Nothing but the lines from the one showing "You mentioned 20" through the final line of the data below belongs in the answer, duplicated exactly and without pictures.

START Data extract

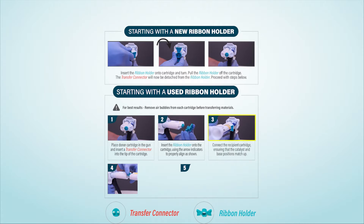Connect the recipient cartridge, ensuring that the catalyst and base positions match up. Rotate the ribbon holder to lock the two cartridges together.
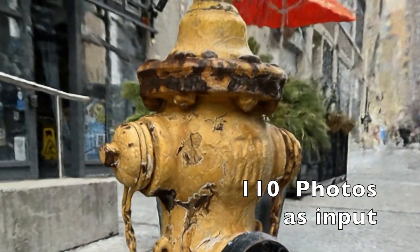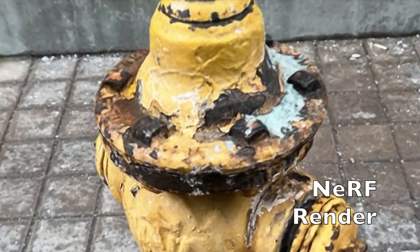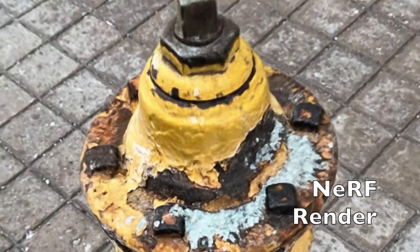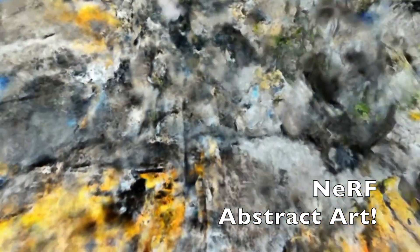It's not bad — not as detailed, but still worked fine. Of course I had to try with even less photos, so I went down to 40 pictures. The result was quite interesting — abstract, beautiful, but not a fire hydrant.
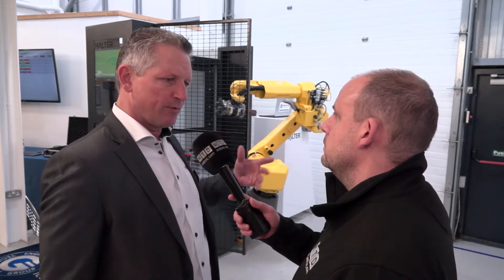You mentioned 20 kilos — is that how you designate your models, by how much weight they can hold? We have three models: a 10 kilo, a 20 kilo, and a 35 kilo — that's the payload of the robot. For example, this is a 20 kilo robot and you can handle one product up to 15 kilos with the Schunk gripper.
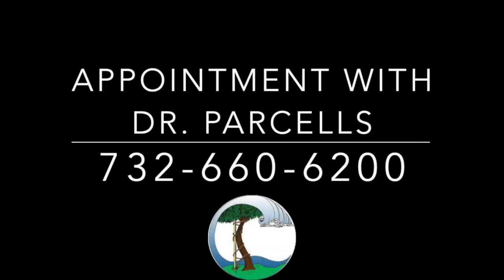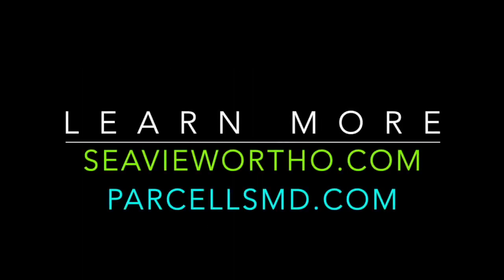Thank you for watching my video about hip arthritis. If you'd like to make an appointment or reach out to me with further questions, please contact me.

END Data extract

§ Answer to this task
You mentioned 20 kilos — is that how you designate your models, by how much weight they can hold? We have three models: a 10 kilo, a 20 kilo, and a 35 kilo — that's the payload of the robot. For example, this is a 20 kilo robot and you can handle one product up to 15 kilos with the Schunk gripper.
Thank you for watching my video about hip arthritis. If you'd like to make an appointment or reach out to me with further questions, please contact me.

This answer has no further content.